BY Rowan Forster
Patents and the issue of whether AI can be an inventor - is this where the DABUS finally stops?
On 20 December 2023, the UK Supreme Court handed down its judgment in what is generally referred to as the DABUS case – DABUS being an acronym for something that really is something of a mouthful, Device for Autonomous Bootstrapping of Unified Sentience.
The UK case was seemingly part of a global test litigation strategy that was aimed at determining the limits of Artificial Intelligence (“AI”) ownership of patents in major jurisdictions. The legal issue was this: must the inventor of the patent be a natural person?
But before we get to the Supreme Court, let’s start a bit lower down. At the UK Intellectual Property Office (“UKIPO”).
UKIPO refused the application by one Dr Stephen Thaler to register two patents in the UK for inventions that were created by Thaler’s AI system, the so-called ‘creativity machine’ that goes by the name of DABUS. The ground for the refusal went something like this – for the purposes of UK patent law the inventor must be a natural person, but in this case the inventor is a machine and not a natural person.
But Thaler was undeterred, following UKIPO’s refusal. He took his case to the High Court where he lost, he then took it to the Court of Appeal where he lost again, and finally, took it to the highest court in the land, the Supreme Court.
The Supreme Court’s judgment
Unfortunately for Thaler, the Supreme Court agreed with the lower courts and held that DABUS is not a natural person, which meant that in law, it could not devise an invention. DABUS was, in other words, not an invention in terms of the UK Patents Act. We could conclude this article here, but think it necessary to delve into an examination of the judgment detail.
Ownership of DABUS
An issue that arose was whether Thaler was entitled to apply for a patent for technical advances made by DABUS by virtue of his ownership of DABUS. The Supreme Court was quite clear on this, Section 7 does not confer the right to obtain a patent “for any new product or process created or generated by a machine, such as DABUS, let alone a person who claims the right purely on the basis of ownership of the machine.”

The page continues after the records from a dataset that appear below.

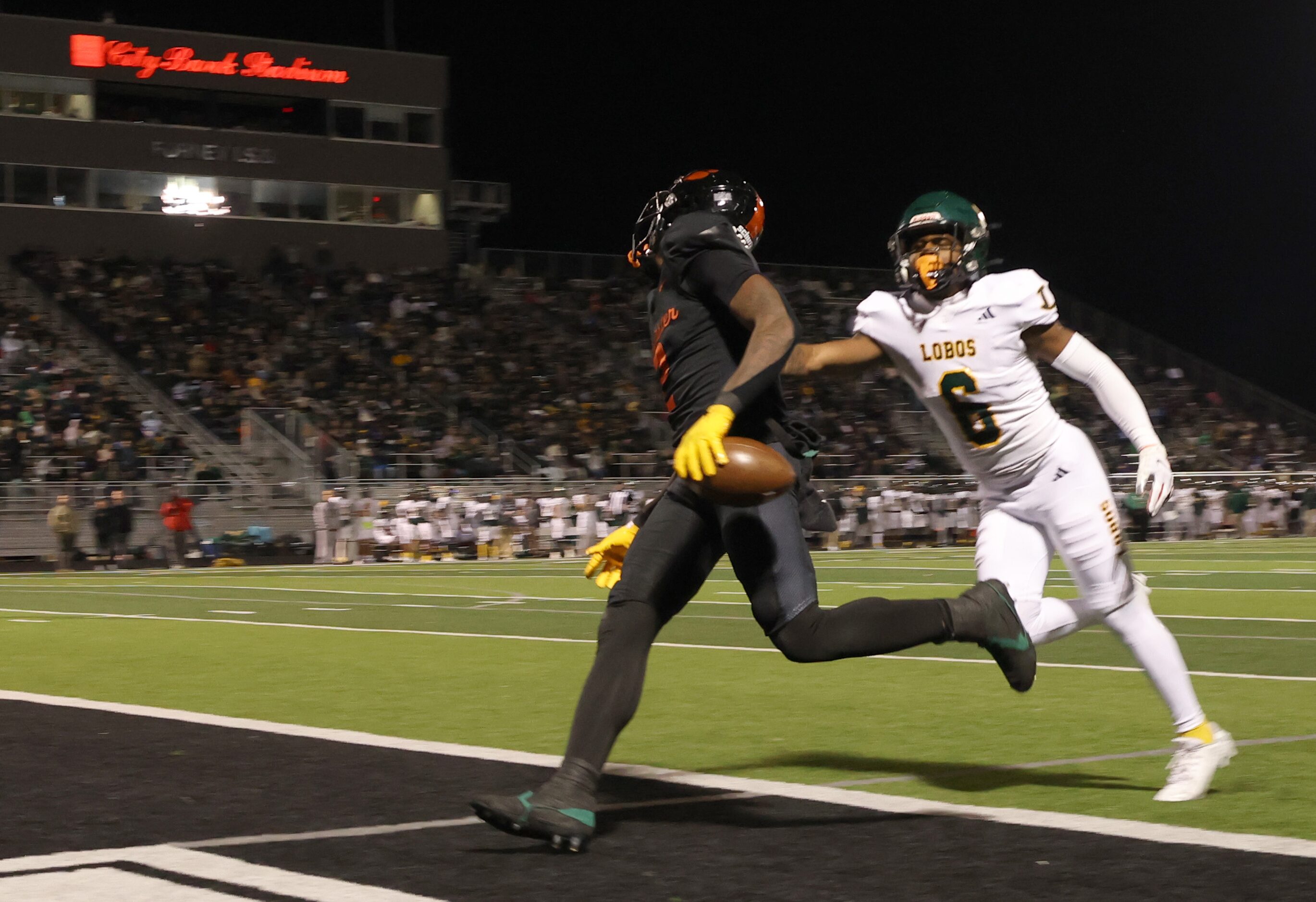 Lancaster running back Kewan Lacy (2) steps into the end zone in front of the pursuit of...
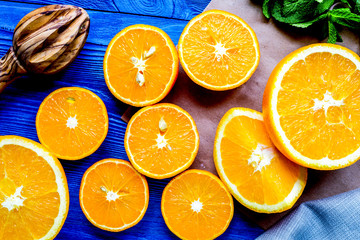 orange juice with mint squeezing on blue kitchen background top 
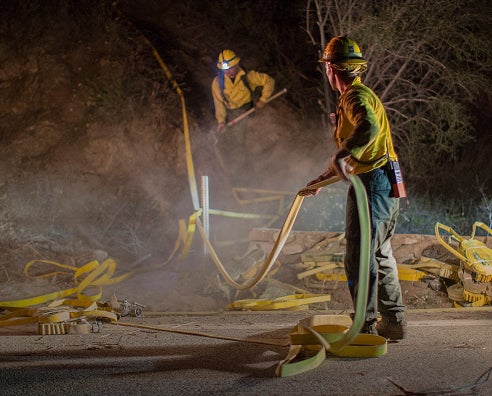 Fires have raged down the West Coast. Pictured: firefighters tackle the blast in California
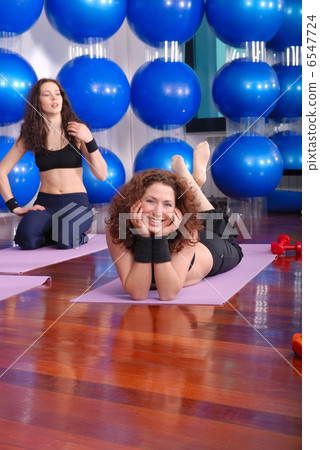 happy girl in fitness studio happy girl in fitness studio 6547724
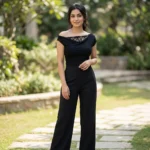 Woman wearing a premium black off shoulder top (3)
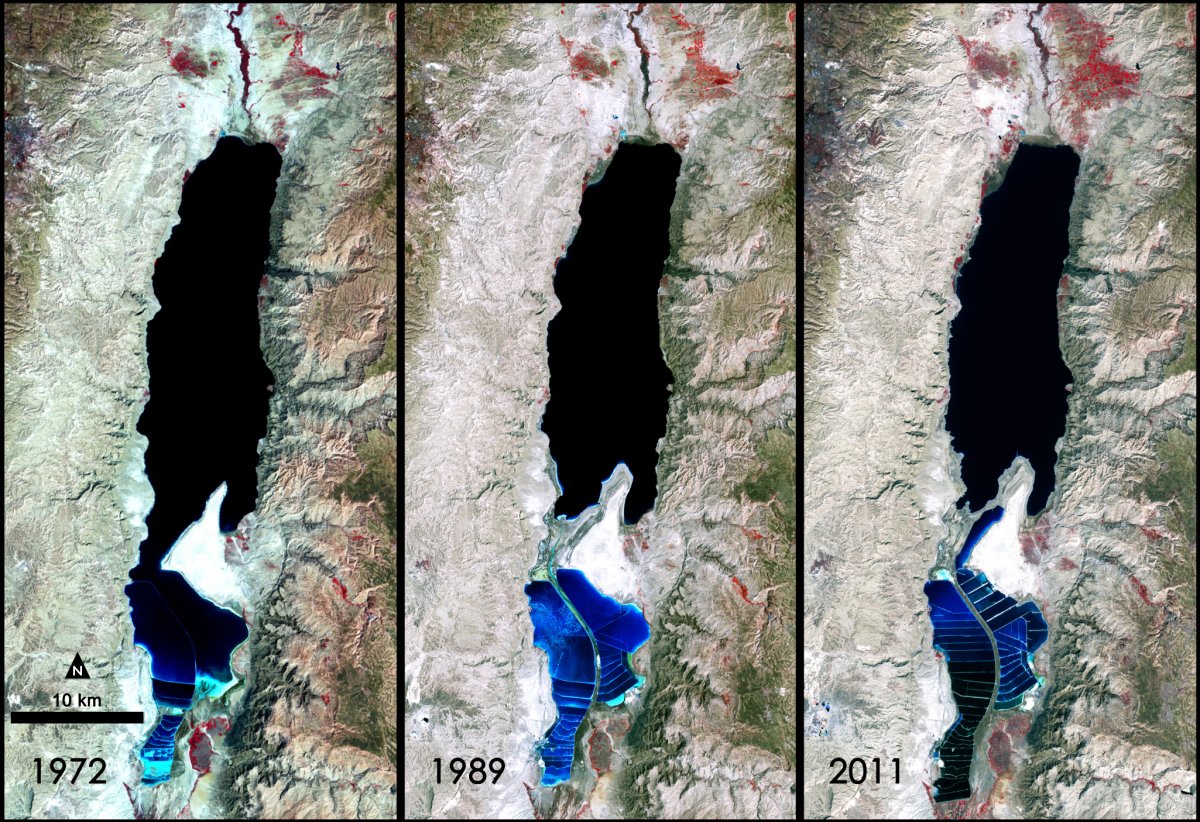 This false-color image was captured by the Landsat 1, 4 & 7 satellites. Visible is the Lisan Peninsula (bottom center) that forms a land bridge through the Dead Sea. Deep waters are dark blue, while pale blue shows salt ponds and shallow waters to the south. The pale pink and sand-colored regions are desert lands. Denser vegetation appears bright red. Credit: NASA/Landsat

The court also rejected an argument based on the principle of accession, namely that any inventions of DABUS were “fruits” of the machine owned by Thaler, inter alia, on the grounds that accession only applies to tangible property produced by tangible property.
The Supreme Court described Thaler’s reliance on DABUS being the inventor as “flawed and legally impossible”.
Some quotes from the Supreme Court’s judgment
Lord Kitchin said this of the appeal: “This appeal is not concerned with the broader question whether technical advances generated by machines acting autonomously and powered by AI should be patentable.”
The judge went on to say this: “Nor is it concerned with the question whether the meaning of the term ‘’inventor’ “ ought to be expanded… to include machines powered by AI which generate new and non-obvious products and processes which may be thought to offer benefits over products and processes which are already known.”
Thaler’s response to the judgment
Thaler’s lawyers have said that the Supreme Court’s judgment has “established that UK patent law is currently wholly unsuitable for protecting inventions generated autonomously by AI machines.”
The legal profession’s response
Giles Parsons of the law firm Browne Jacobson is quoted as saying this about the judgment, “This decision will not, at the moment, have a significant effect on the patent system… that’s because, for the time being, AI is a tool not an agent… I do expect that will change in the medium term, but we can deal with that problem as it arises.”
The firm Osborne Clark has suggested that “if DABUS had been framed as a ‘’sophisticated’ “ tool used by Dr. Thaler to assist him to create the invention then the outcome might have been different.’
What if Thaler had described himself as the inventor?
An interesting issue that has been raised is whether Thaler could have done this differently, by listing himself as the inventor and DABUS as a mere tool. But, as the court said, it “never has been Dr Thaler’s case that he was the inventor and used DABUS as a highly sophisticated tool. Had he done so, the outcome of these proceedings might well have been different.”
It’s worth noting that Thaler also failed in the USA, where the Supreme Court refused to hear a challenge to the United States Patent and Trademark Office's refusal to issue patents for inventions created by Thaler’s AI system.
The view that AI cannot be listed as an inventor is not unique to the UK, as it has apparently also been adopted in the USA, the European Patent Office (“EPO”) and the German Federal Patent Court.